SLE
Background
Pathophysiology
- Multi-system, autoimmune condition.
- Cause unknown, but may involve formation of autoantibodies due to defective apoptosis.
Epidemiology
- 10x commoner in women.
- Onset usually in child-bearing years.
- Prevalence by ethnicity: black 1/500, Asian 1/1000, white 1/2000.
Signs and symptoms
- Relapsing-remitting course.
- Wide range of severity.
Symptoms by system:
- Systemic: malaise/fatigue (90%), fever (50%), weight loss, lymphadenopathy.
- Musculoskeletal (90%): arthritis, usually symmetrical, non-erosive polyarthritis with morning stiffness but without swelling. Also: myalgia, tenosynovitis, and tendon rupture.
- Skin: malar rash (60%), photosensitivity (40%), discoid rash (20%), Raynaud's (50%).
- Lupus nephritis (50%): 6 classes from minimal mesangial to advanced sclerosis.
- Serositis (50%): pleurisy, pericarditis. Causes SOB and chest pain.
- Respiratory: pleurisy, interstitial lung disease, pulmonary haemorrhage (causes haemoptysis and anaemia).

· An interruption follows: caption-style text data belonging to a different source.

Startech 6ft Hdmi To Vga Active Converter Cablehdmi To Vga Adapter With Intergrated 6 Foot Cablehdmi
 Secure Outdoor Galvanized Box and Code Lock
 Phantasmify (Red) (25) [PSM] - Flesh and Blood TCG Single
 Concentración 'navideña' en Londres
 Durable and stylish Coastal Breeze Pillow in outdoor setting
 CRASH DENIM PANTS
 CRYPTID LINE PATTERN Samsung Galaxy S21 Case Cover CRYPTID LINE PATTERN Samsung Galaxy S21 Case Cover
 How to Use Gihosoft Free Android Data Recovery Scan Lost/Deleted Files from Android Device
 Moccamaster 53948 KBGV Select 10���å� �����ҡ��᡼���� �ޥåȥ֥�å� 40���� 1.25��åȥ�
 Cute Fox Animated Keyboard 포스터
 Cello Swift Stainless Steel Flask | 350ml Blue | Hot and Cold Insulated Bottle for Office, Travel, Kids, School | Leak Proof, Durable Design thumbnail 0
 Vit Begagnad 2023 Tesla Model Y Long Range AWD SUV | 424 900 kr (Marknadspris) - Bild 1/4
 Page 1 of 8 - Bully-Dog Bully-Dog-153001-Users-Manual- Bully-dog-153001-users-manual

- Cardiovascular: IHD (5-fold risk), HTN, vasculitis, pericarditis, myocarditis, endocarditis, antiphospholipid syndrome (causes arterial and venous thrombosis).
- Mouth and face: painless oral and nasal ulcers (30%), alopecia (non-scarring), Sicca.
- GI: diarrhoea, vomiting, abdo pain, splenomegaly (10%), dysphagia (rare).
- Neurological: seizures or psychosis (20%), peripheral neuropathy, transverse myelitis, optic neuritis.
Risk factors
- Genetic: HLA-DR2 and DR3, complement deficiencies (C1q, C2, C4).
- Drugs: minocycline, sulfasalazine, procainamide, isoniazid, phenytoin, carbamazepine.
- Environment: UV light, EBV, smoking.
Investigations and diagnosis
Bloods
- FBC: ↓Hb (of chronic disease or Coomb's +ve hemolytic anaemia), ↓WBC (↓lymphocytes), ↓platelets.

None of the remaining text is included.